BRIEF: In the material below, find the line with "The A to Z of Moldova" and the line with "Digital_Wave1.0 cover", then output both and every line between them exactly, omitting pictures.

:: DATA EXCERPTS ::

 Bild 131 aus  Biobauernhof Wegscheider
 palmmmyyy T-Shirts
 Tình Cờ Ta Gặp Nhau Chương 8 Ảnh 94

:::
:: DATA EXCERPTS ::

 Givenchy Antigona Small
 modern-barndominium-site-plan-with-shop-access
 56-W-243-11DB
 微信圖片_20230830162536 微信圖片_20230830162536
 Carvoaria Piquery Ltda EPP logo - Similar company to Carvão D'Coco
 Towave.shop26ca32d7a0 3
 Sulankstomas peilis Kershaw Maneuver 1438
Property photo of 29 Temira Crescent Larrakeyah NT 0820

:::
:: DATA EXCERPTS ::

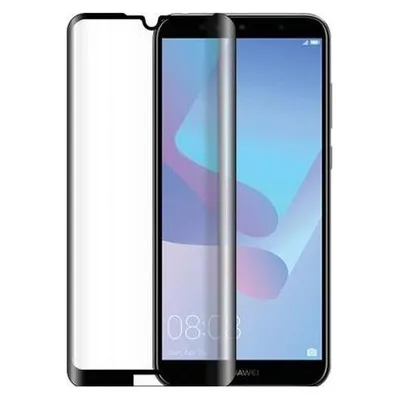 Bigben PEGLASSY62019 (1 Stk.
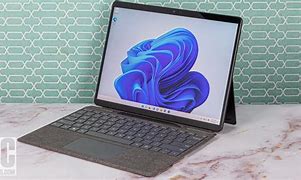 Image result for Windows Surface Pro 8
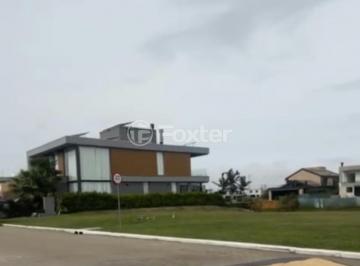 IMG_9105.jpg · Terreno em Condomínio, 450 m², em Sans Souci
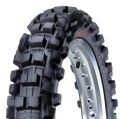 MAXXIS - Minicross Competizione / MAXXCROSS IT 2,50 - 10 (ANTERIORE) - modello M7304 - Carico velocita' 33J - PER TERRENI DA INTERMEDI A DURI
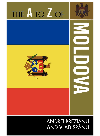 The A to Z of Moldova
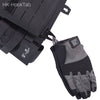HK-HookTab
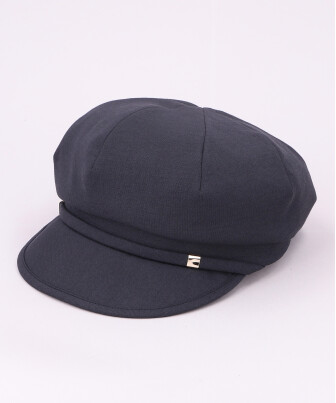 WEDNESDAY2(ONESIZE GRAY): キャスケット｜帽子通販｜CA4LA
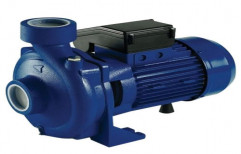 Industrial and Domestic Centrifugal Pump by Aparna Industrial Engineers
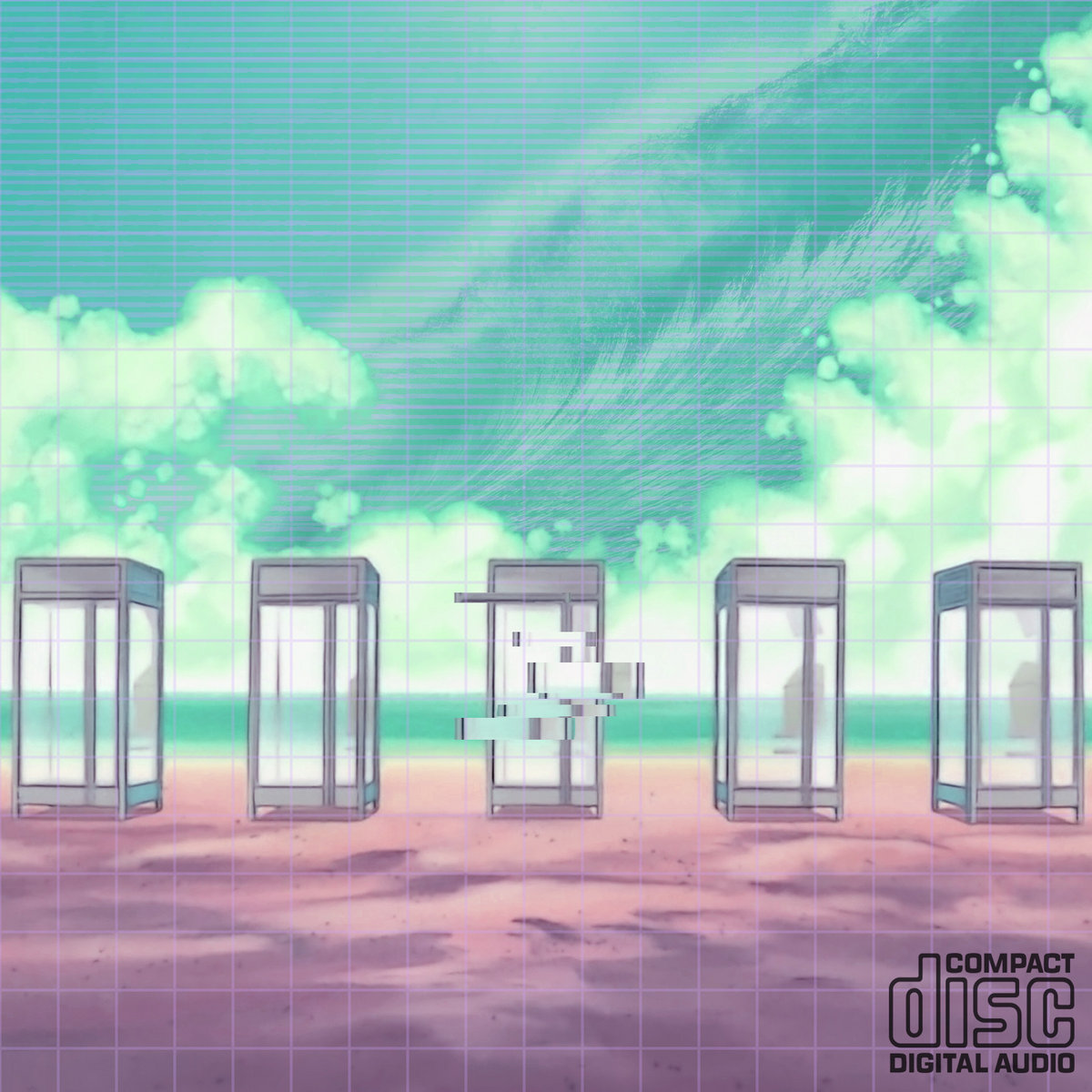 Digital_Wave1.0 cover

:::

TASK OUTPUT:
 The A to Z of Moldova
HK-HookTab
 WEDNESDAY2(ONESIZE GRAY): キャスケット｜帽子通販｜CA4LA
 Industrial and Domestic Centrifugal Pump by Aparna Industrial Engineers
 Digital_Wave1.0 cover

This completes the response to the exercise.